Тут юнкер, вроде бы соскочивший на мостовую, выкинул форменный фортель: быстро сунул руку в карман шинели и достал пистолетик:
— Бегите, Анна Сергеевна! Бегите!
Блестящий пистолетик начал разворачиваться куцым стволиком прямиком в живот Борьке, и юный боевик машинально нажал спуск пулемета.
На краткое нажатие оружие ответила одиночным звонким — тук! Боевик Сальков нажал еще и еще раз, — тук-тук! — с готовностью сказал немецкий ствол.
Шарахнулись лошади, затопали ноги убегающих зрителей — стрельбу петроградцы все еще считали чересчур опасным развлечением.
...Юнкер оседал на мостовую, слабо цепляясь за колесо коляски.
— Чтоб, вас... — дядя Филимон прохромал к коляске. — Поехали!
Гаолян зашвырнул карабины, неловко запрыгнул внутрь, Борька, грозя пулеметом пятящимся к поребрику казакам, вскочил на подножку. Экипаж тронулся, что-то хрустнуло под колесом.
Молча покатили, сзади тоже была тишина. Борька оглянулся — казаки бежали за напуганными лошадьми. Не, о преследовании не думают. От моста к месту происшествия шли трое вояк из встревоженных, но пока ни черта не понявших юнкеров караула.
— Это рука была, — прервал молчание Лев.
— Какая еще рука? — проворчал Гаолян.
— Под колесом. Юнкер, ну, он упал и...
— И что?! Кто его под ту руку толкал, за пугач хвататься велел? Стукнули героя и черт с ним. Все равно через год-два стал бы отъявленной гнидой. Эй, извозчик, ты генерала должен был везти или кого?
— Граждане-товарищи, не знаю я про генерала, — ответил втянувший голову в плечи, кучер. — Велено было забрать барышню, чемоданы, довезти до штаба, а опосля прямиком на вокзал.
— Что за фря такая твоя барышня? Генеральская дочь, что ли? — сумрачно уточнил Филимон.

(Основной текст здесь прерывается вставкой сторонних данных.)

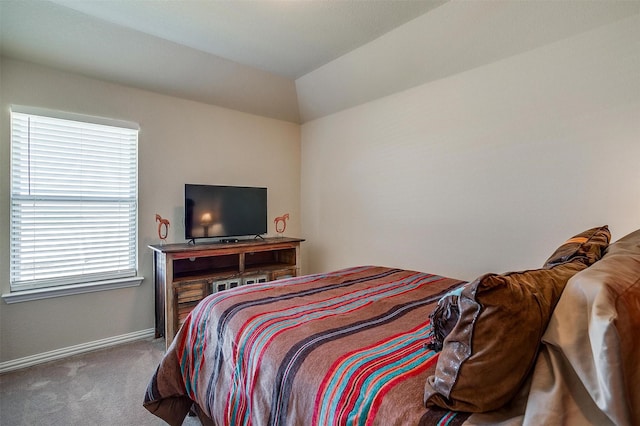 bedroom with baseboards and carpet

— Не могу знать, товарищи. Разве ж я из денщиков? Я ж с конюшни, не думайте, меня в батальонном комитете знают. Я глубоко сочувствующий...
'Глубоко сочувствующего' и коляску оставили на Канонерской.
— Что-то сегодня вовсе без пользы, — удрученно сказал Гаолян. — Барышню перепугали, мальчишку застрелили. Определенно напутали в Центре. Разве это наводка? Вот — два карабина прибытку всей пользы делу.
— Ну, еще кучеру радость. Сейчас по чемоданам шарить возьмется, — заметил Андрей, возясь с гранатой.
— Ты нас не взорви случаем, — предупредил Гаолян. — Энта система усидчивости требует, это тебе не на кнопки жать.
— Да, тут с зацепом оттяжки определенно требуется доработка конструкции.
С бомбой совладать удалось. Андрей-Лев, сунул замысловатое детище Рдултовского за пазуху, забрал пулемет и направился на 'штабную' квартиру-мастерскую. Борька повозился с отверткой, откручивая от деревянной ноги командира маскировочный сапог и пошел провожать дядю Филимона — требовалось занести карабины в штаб фабричной красной гвардии — не пропадать же паре стволов в такие горячие дни?
— Заодно ко мне в казарму зайдем, дочку проведаю, — угрюмо пояснил Гаолян. — Совсем плоха, не жрет вовсе. Раздавила жизнь девчонку — не человек, а горсть костяшек. Вот так бывает, Бориска, когда весело да законопослушно с водочкой живешь, а не с револьвером в кармане гуляешь. Ох, и дурнем я был.
Что сказать Борька не знал, потому ляпнул глупое:
— Пережить надо. Она ж у вас молодая. Организм должен справиться.
— Дурак ты. Двенадцать весен Глафире, а в зенки глянешь — бабка столетняя. Чую, до тринадцатых именин не дотянет. Вот же уроды...
Гаолян замолчал, лишь постукивал протезом.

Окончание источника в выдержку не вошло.